[Aim of the exercise]: Return exactly those lines of the material that fall between the line with "this 720×586 image." and the final line, both included.
---- Supplied records
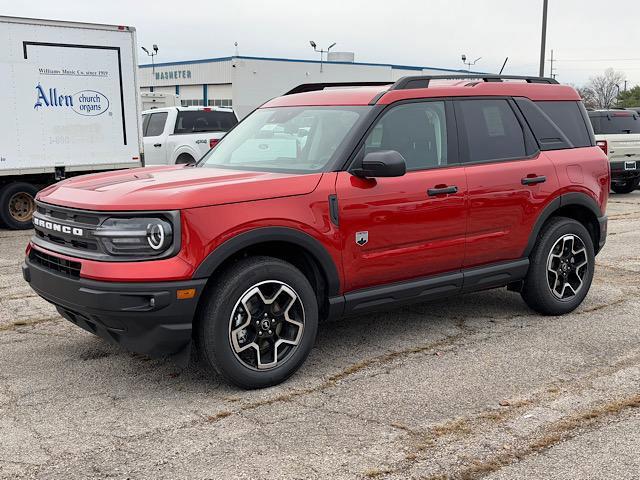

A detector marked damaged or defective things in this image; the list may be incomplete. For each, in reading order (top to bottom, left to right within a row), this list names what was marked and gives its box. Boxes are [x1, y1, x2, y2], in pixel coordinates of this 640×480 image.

cracked asphalt [1, 192, 640, 480]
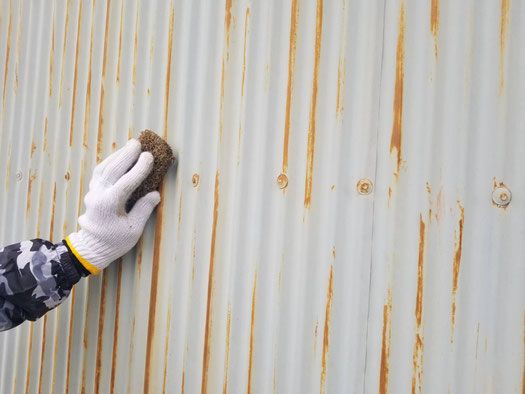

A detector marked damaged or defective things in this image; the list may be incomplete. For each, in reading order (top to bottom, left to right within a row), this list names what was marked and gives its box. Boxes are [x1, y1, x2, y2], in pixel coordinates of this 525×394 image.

orange rust stain [282, 0, 298, 172]
rust spot [280, 0, 300, 172]
rust streak [282, 0, 298, 173]
orange rust stain [300, 0, 322, 209]
rust spot [300, 0, 322, 209]
rust streak [300, 0, 322, 209]
orange rust stain [388, 2, 406, 176]
rust spot [388, 1, 406, 177]
rust streak [388, 1, 406, 177]
rust spot [142, 183, 165, 392]
orange rust stain [142, 185, 165, 394]
rust streak [143, 183, 166, 392]
orange rust stain [200, 172, 218, 394]
rust spot [200, 172, 218, 394]
rust streak [200, 172, 218, 394]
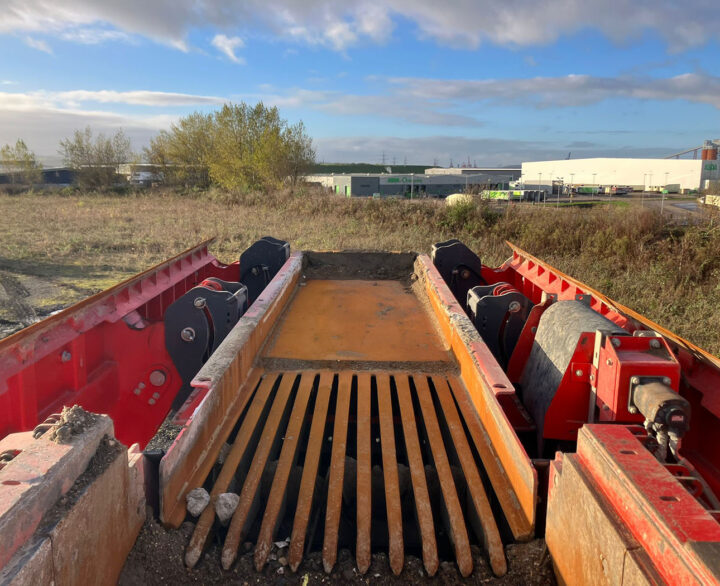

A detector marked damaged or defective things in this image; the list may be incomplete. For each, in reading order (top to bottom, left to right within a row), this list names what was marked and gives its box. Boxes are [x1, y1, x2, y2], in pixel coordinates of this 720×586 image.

rusty steel bar [184, 368, 266, 568]
rusted metal surface [160, 251, 300, 524]
rusty steel bar [221, 372, 296, 568]
rusty steel bar [253, 372, 316, 568]
rusty steel bar [286, 372, 332, 568]
rusty steel bar [322, 372, 352, 572]
rusted metal surface [322, 372, 352, 572]
rusted metal surface [354, 372, 372, 572]
rusty steel bar [354, 374, 372, 572]
rusty steel bar [376, 372, 404, 572]
rusted metal surface [376, 372, 404, 572]
rusty steel bar [394, 372, 438, 572]
rusty steel bar [414, 374, 476, 576]
rusty steel bar [434, 374, 506, 576]
rusted metal surface [416, 253, 536, 536]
--------
[Expected output]:
A detector marked damaged or defective things in this image; the list may be incomplete. For each, in reading order (top to bottom, left to right within a row), this list names what was marked and gives its box. Boxes are [x1, y1, x2, y2], in pixel coordinates of this 720×586 image.

rusty steel bar [184, 368, 266, 568]
rusted metal surface [160, 251, 300, 524]
rusty steel bar [221, 372, 296, 568]
rusty steel bar [253, 372, 316, 568]
rusty steel bar [286, 372, 332, 568]
rusty steel bar [322, 372, 352, 572]
rusted metal surface [322, 372, 352, 572]
rusted metal surface [354, 372, 372, 572]
rusty steel bar [354, 374, 372, 572]
rusty steel bar [376, 372, 404, 572]
rusted metal surface [376, 372, 404, 572]
rusty steel bar [394, 372, 438, 572]
rusty steel bar [414, 374, 476, 576]
rusty steel bar [434, 374, 506, 576]
rusted metal surface [416, 253, 536, 536]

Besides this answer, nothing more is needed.